La delegittimazione è dunque la via maestra per condurre ad un colpo di mano istituzionale, peraltro ammantato di stato di necessità e di senso di responsabilità. La delegittimazione diventa la forma del dominio per giustificare la deroga sistematica dalle norme. Non è un caso che l’Italia sia vissuta per più di trenta anni sotto la presunta urgenza di una revisione costituzionale, che ha raggiunto comunque lo scopo di delegittimare la Costituzione vigente, trasformando di fatto la repubblica parlamentare in repubblica presidenziale, anzi, in monarchia: una sorta di vicereame che dispone del Paese in nome della NATO e della UE. Nell’assumere il suo secondo mandato presidenziale, Giorgio Napolitano era arrivato ad un grado tale di faccia tosta da consentirgli di giurare su una Costituzione che egli stesso, nello stesso momento, imponeva al parlamento di cambiare. Tanto valeva che Napolitano giurasse su stesso, sulla sua sacra persona, mettendosi in testa la corona da solo come Napoleone.
Mattarella ha fatto tesoro di quella lezione, con il “pregio” in più di perseguire i suoi scopi tenendo un basso profilo ed uno stile dimesso che disarma le eventuali critiche o le fa apparire come dettate da mancato rispetto delle prerogative presidenziali.
Mattarella ha paragonato se stesso ad un arbitro, ma il suo “arbitrato” è consistito soprattutto nel tagliare fuori dalle decisioni l’organo costituzionale fondamentale, cioè il parlamento. La repubblica parlamentare è stata liquidata, ma nessuno se ne accorge, mentre lo strapotere della Presidenza della Repubblica viene dato per scontato e persino spacciato per “saggezza”.

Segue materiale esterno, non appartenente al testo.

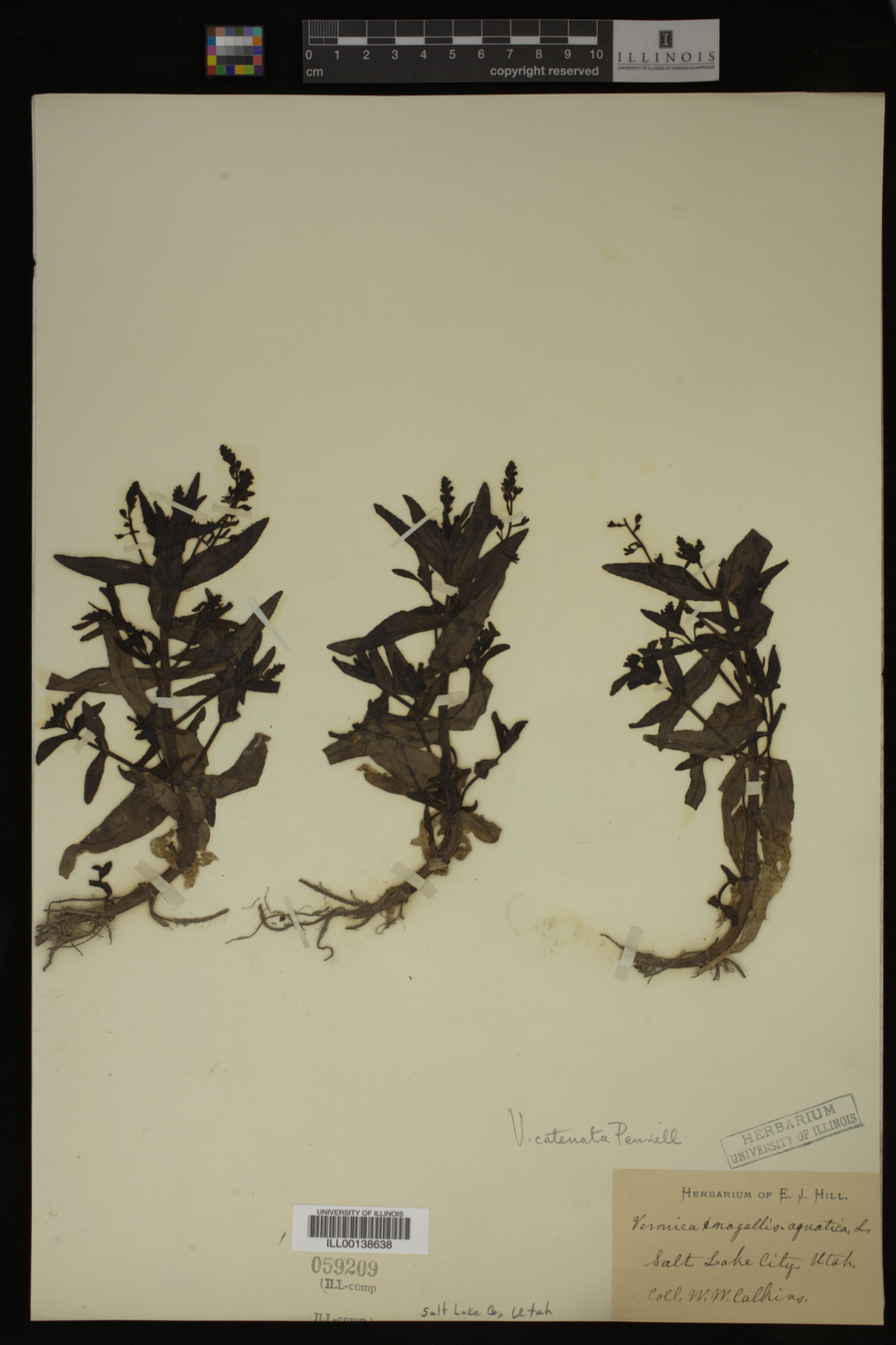 Veronica catenata image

Si può certamente denunciare il dilettantismo dei partiti, la cialtroneria di Di Maio, la subordinazione di Salvini ai patti stabiliti a suo tempo da Bossi, patti che vincolavano finanziariamente la Lega al Buffone di Arcore. Ma tutto ciò rientra nelle miserie umane, non nel colpo di Stato. Del resto le miserie umane trovano spesso il loro rimedio in altre miserie umane ed invece a Salvini è stato negato ciò che era stato già impedito a Bersani nel 2013, cioè presentarsi ad un parlamento preoccupato di sopravvivere per provare a spaccare i 5 Stelle. Invece ora i voti dei 5 Stelle potrebbero ancora una volta essere confinati nel limbo della pseudo-purezza. lasciando il governo a chi sa già benissimo cosa fare.
Mattarella infatti ha praticamente dettato l’agenda del prossimo governo, quale che sia, dando per scontato che si debba arrivare ad un aggiustamento di bilancio che scongiuri l’aumento dell’IVA. In realtà l’aumento dell’IVA dovrebbe essere comunque deciso da un governo e questo potrebbe anche ritenere che sia preferibile incorrere nella procedura d’infrazione comunitaria, certamente più gestibile economicamente di un aumento dell’IVA. Le clausole di salvaguardia, inaugurate nel 2011 da un Buffone di Arcore deciso a calarsi le brache di fronte alla UE pur di salvare il proprio governo, furono decise da una legge ed un’altra legge potrebbe abolirle. (2)
Si tratterebbe di una decisione politica e non certo della violazione di un dettato divino. Il “governo di garanzia” ci garantirebbe invece un altro periodo di dittatura europea. La posta in gioco probabilmente non è neppure il salvataggio dell’euro, ma semplicemente far arrivare l’Italia all’appuntamento dell’implosione della moneta unica del tutto disarmata e pienamente disponibile a pagare il conto per Francia e Germania, come è già accaduto nel 2011.